- AIM OF THE EXERCISE:
In the records below, the relevant part opens with the line containing "2008 Bobcat 335G mini excavator - EJ2745" and closes with the line containing "Mumbling NYC maniac"; print that part exactly and only, without its pictures.

- DATA LISTING:
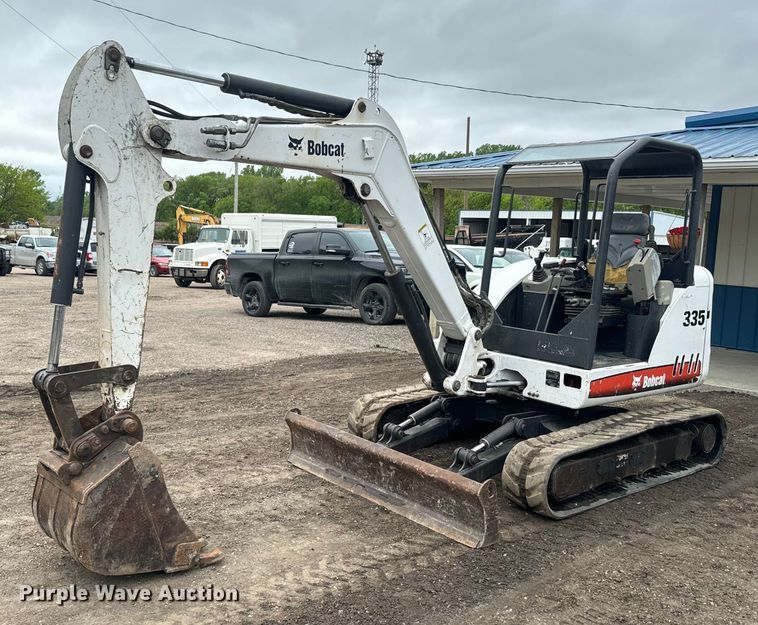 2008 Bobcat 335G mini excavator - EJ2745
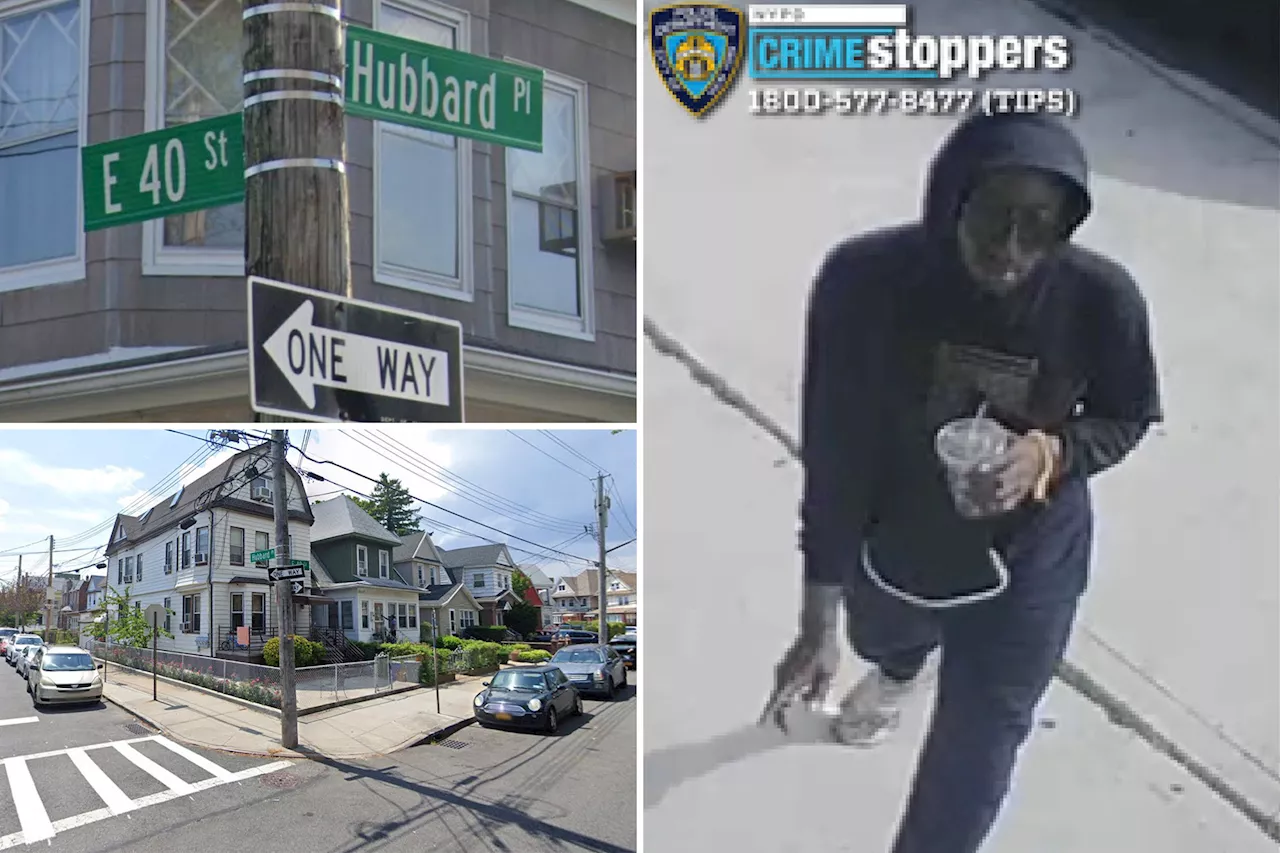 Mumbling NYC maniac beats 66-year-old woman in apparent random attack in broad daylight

...

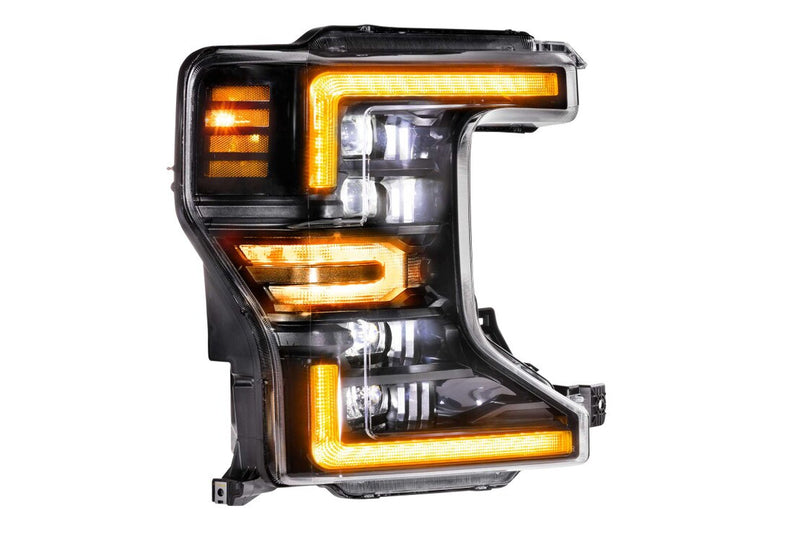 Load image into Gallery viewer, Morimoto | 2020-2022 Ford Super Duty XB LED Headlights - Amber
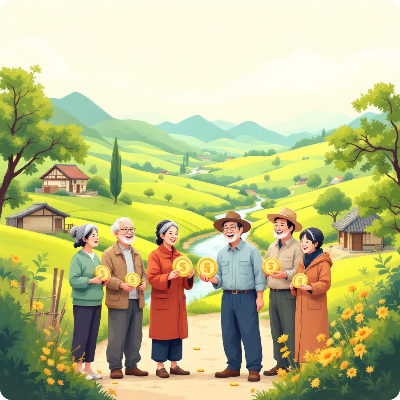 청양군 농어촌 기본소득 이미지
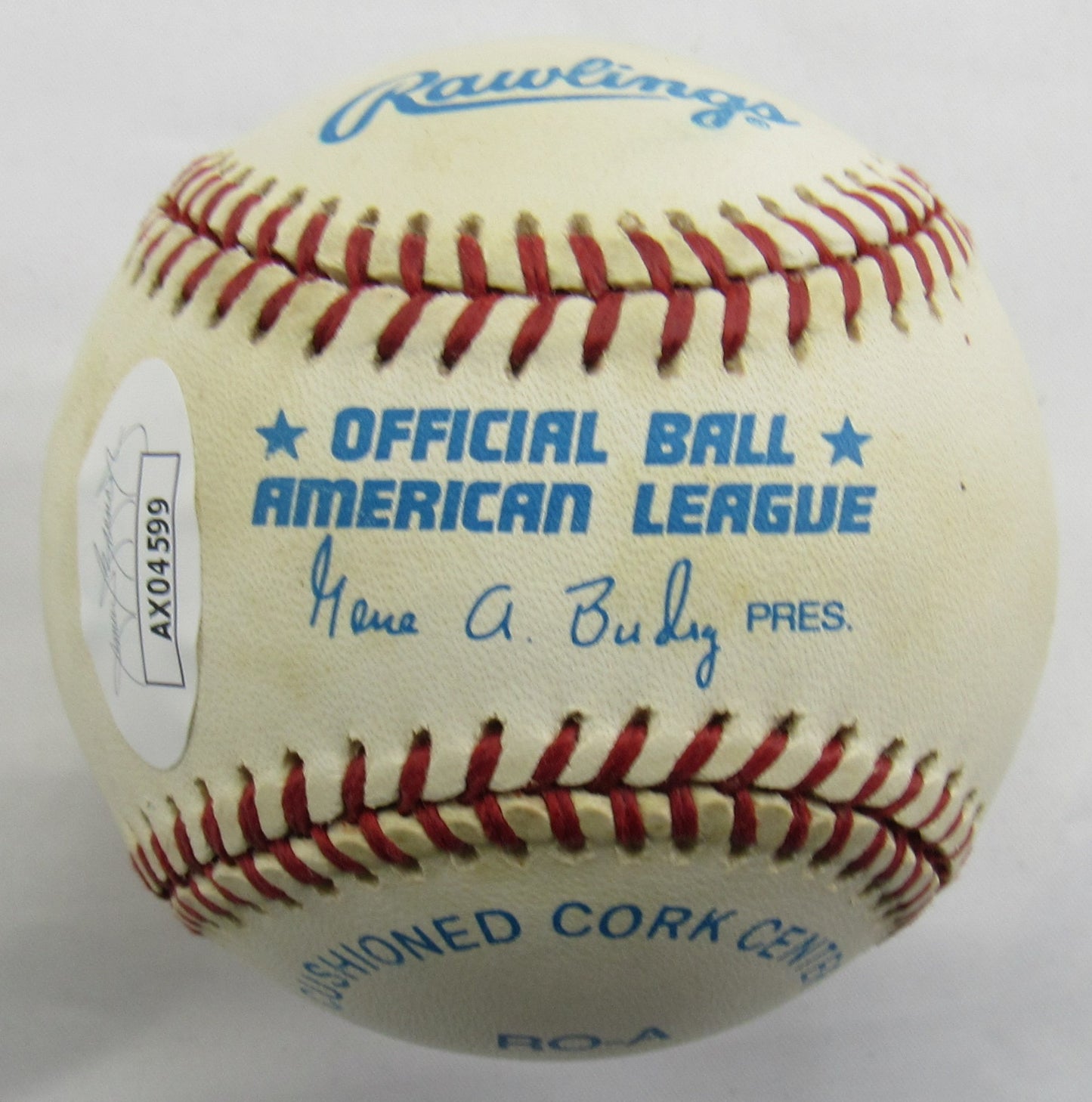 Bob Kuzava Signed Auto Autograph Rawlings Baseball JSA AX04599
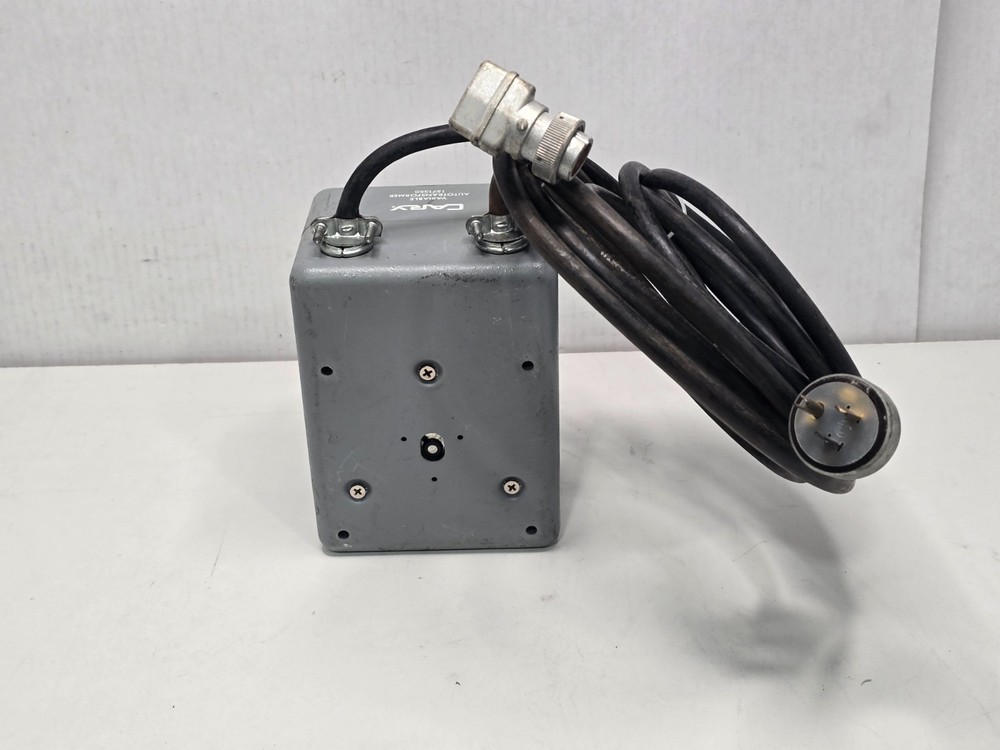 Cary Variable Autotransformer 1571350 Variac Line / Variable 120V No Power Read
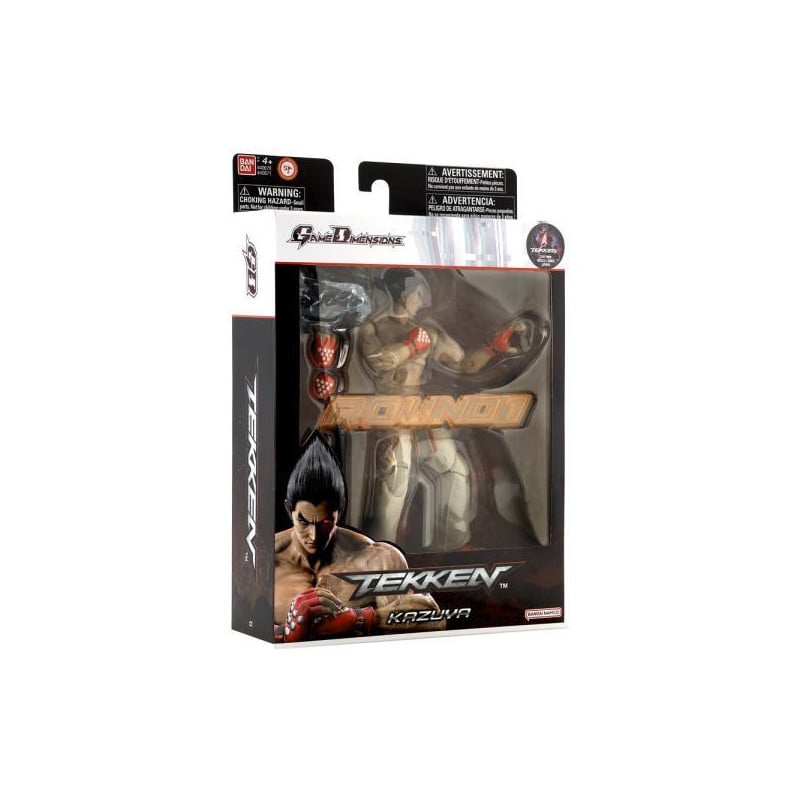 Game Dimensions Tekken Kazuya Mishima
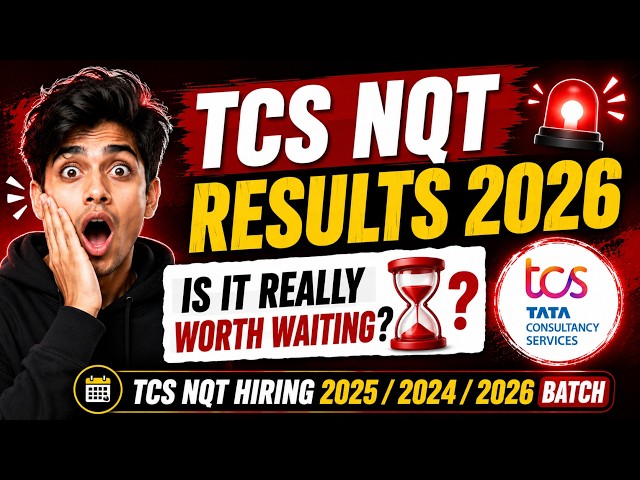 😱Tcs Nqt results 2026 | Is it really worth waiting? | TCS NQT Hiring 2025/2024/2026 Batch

- WRITTEN RESPONSE:
 2008 Bobcat 335G mini excavator - EJ2745
 Mumbling NYC maniac beats 66-year-old woman in apparent random attack in broad daylight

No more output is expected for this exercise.